**THE PROBLEM:**
Word for word, restate the data that follows, omitting the images.

Brief descriptive captions
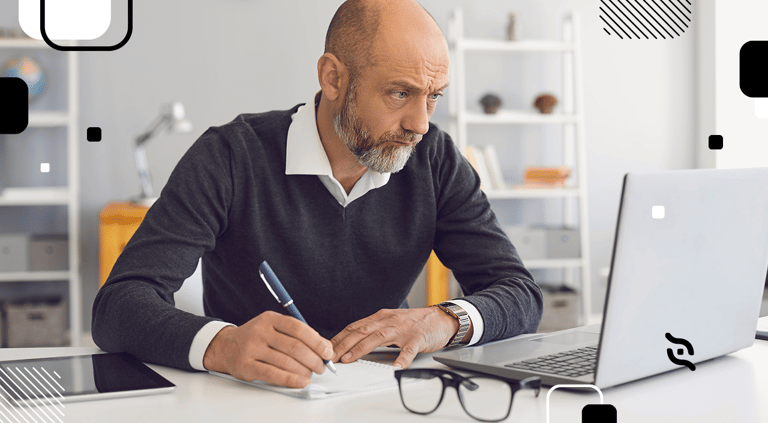 homem idoso em frente ao notebook com papel e caneta praticando lifelong learning
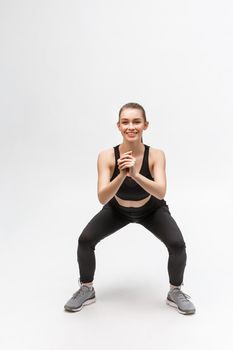 Exercise. Sports Woman In Fashion Sportswear Stretching Legs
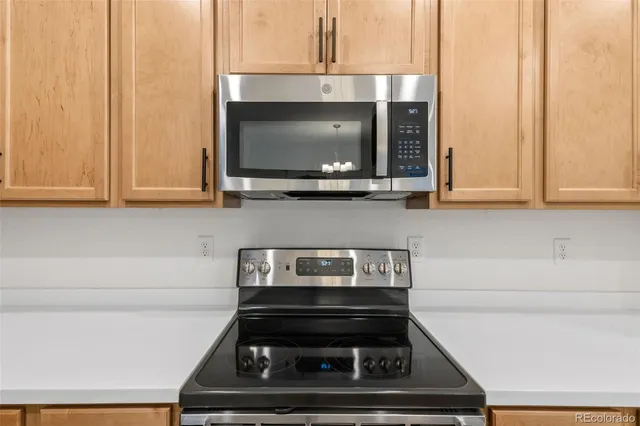 a kitchen with a stove and a microwave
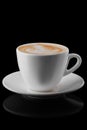Big ceramic cup of cappuccino isolated on black Royalty Free Stock Photo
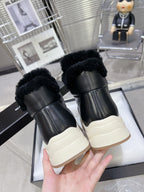 CHANEL MARTIN BOOTS IN BLACK CALFSKIN AND LAMB FUR LINING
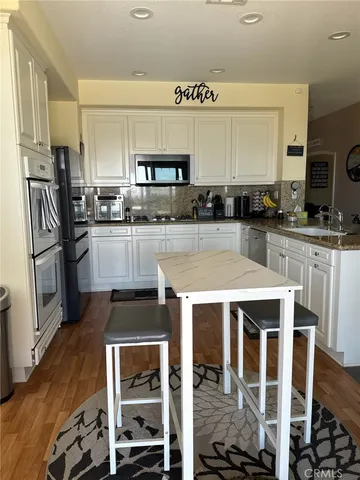 a kitchen with stainless steel appliances granite countertop a stove top oven a sink and a refrigerator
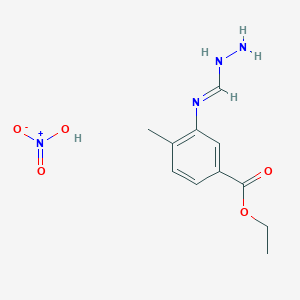 molecular formula C11H16N4O5 B8710831 Ethyl 3-(hydrazinomethyleneamino)-4-methyl-benzoate; nitric acid 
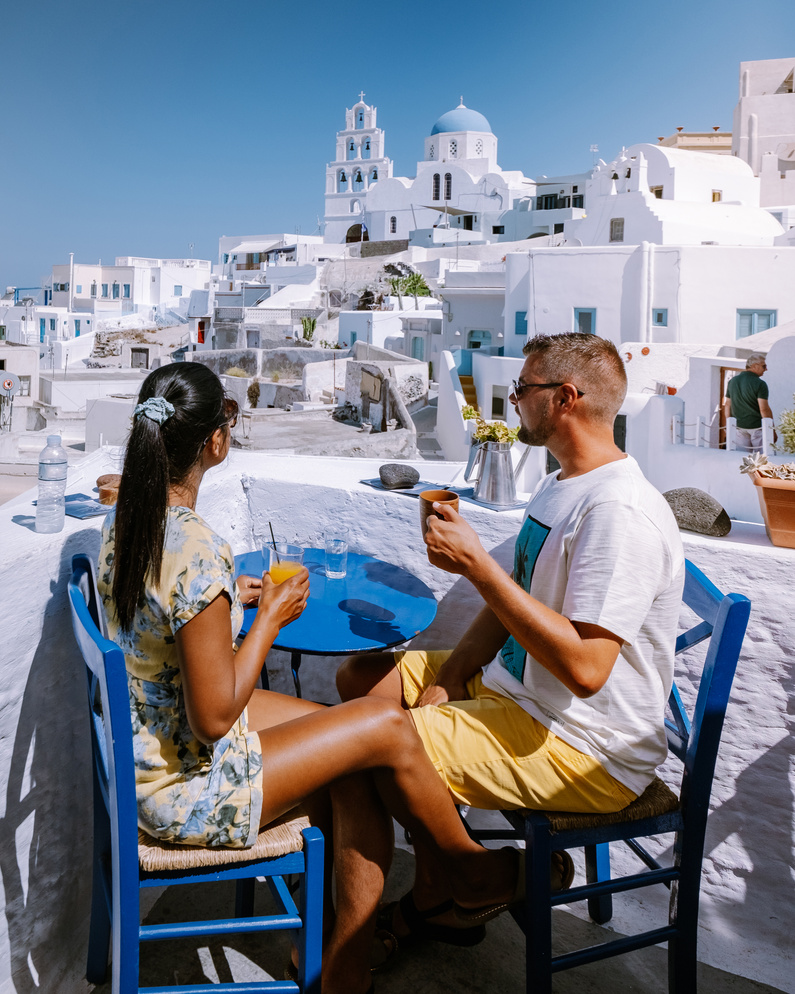 Couple Having Drinks in Santorini, Greece
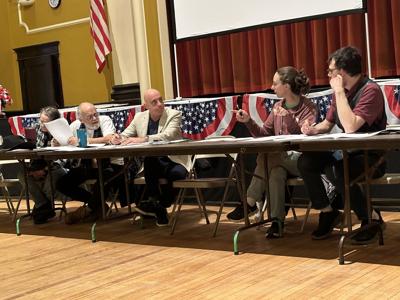 ZBA board members review and discuss a special exception application by DWP Realty LLC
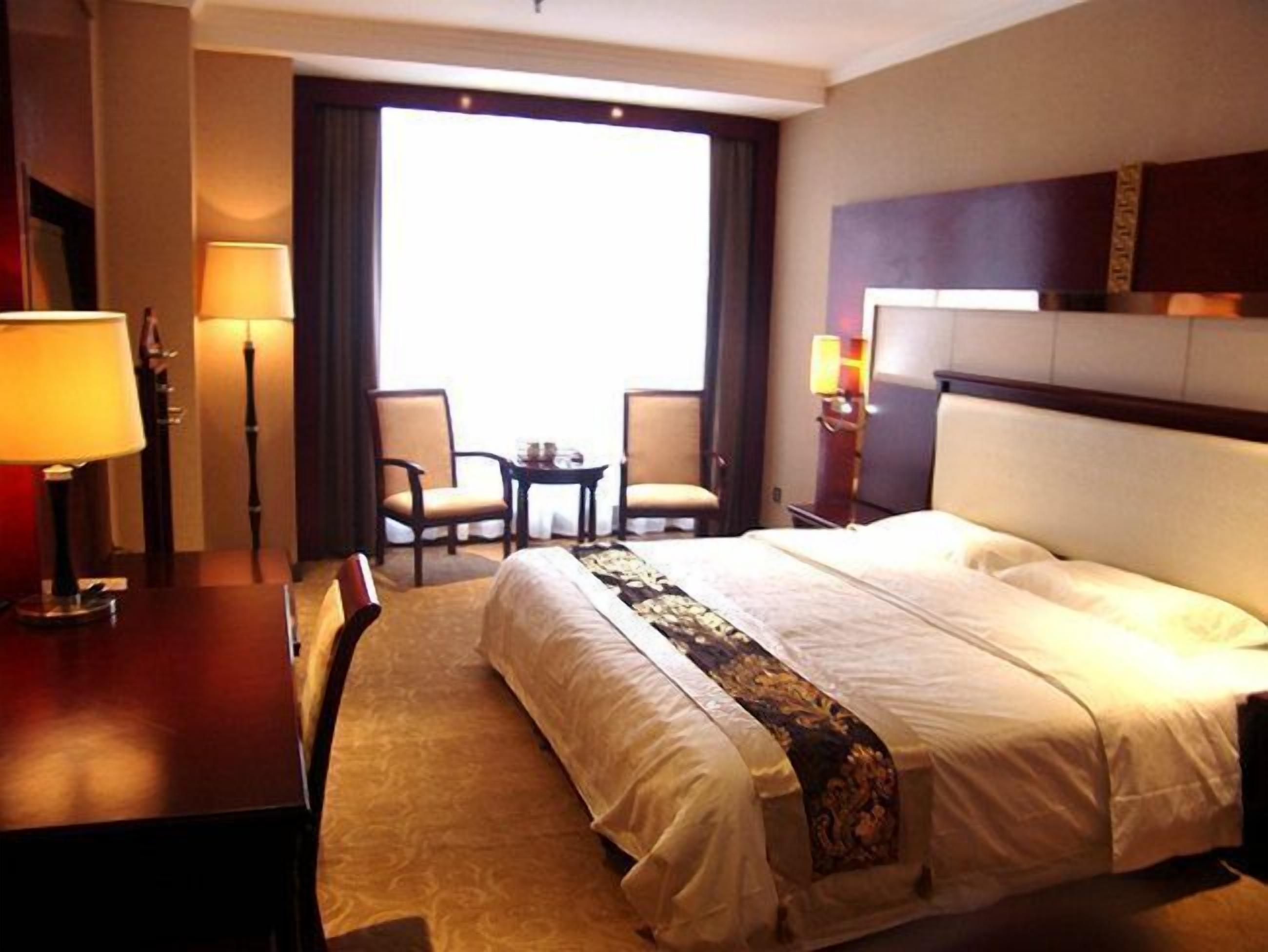 Hotellihuone, jossa on suuri sänky, kaksi tuolia, pieni pöytä ja työpöytä, jossa on lamput.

**REPLY TO THE TASK:**
 homem idoso em frente ao notebook com papel e caneta praticando lifelong learning
 Exercise. Sports Woman In Fashion Sportswear Stretching Legs
 a kitchen with a stove and a microwave
Big ceramic cup of cappuccino isolated on black Royalty Free Stock Photo
 CHANEL MARTIN BOOTS IN BLACK CALFSKIN AND LAMB FUR LINING
 a kitchen with stainless steel appliances granite countertop a stove top oven a sink and a refrigerator
 molecular formula C11H16N4O5 B8710831 Ethyl 3-(hydrazinomethyleneamino)-4-methyl-benzoate; nitric acid 
 Couple Having Drinks in Santorini, Greece
 ZBA board members review and discuss a special exception application by DWP Realty LLC
 Hotellihuone, jossa on suuri sänky, kaksi tuolia, pieni pöytä ja työpöytä, jossa on lamput.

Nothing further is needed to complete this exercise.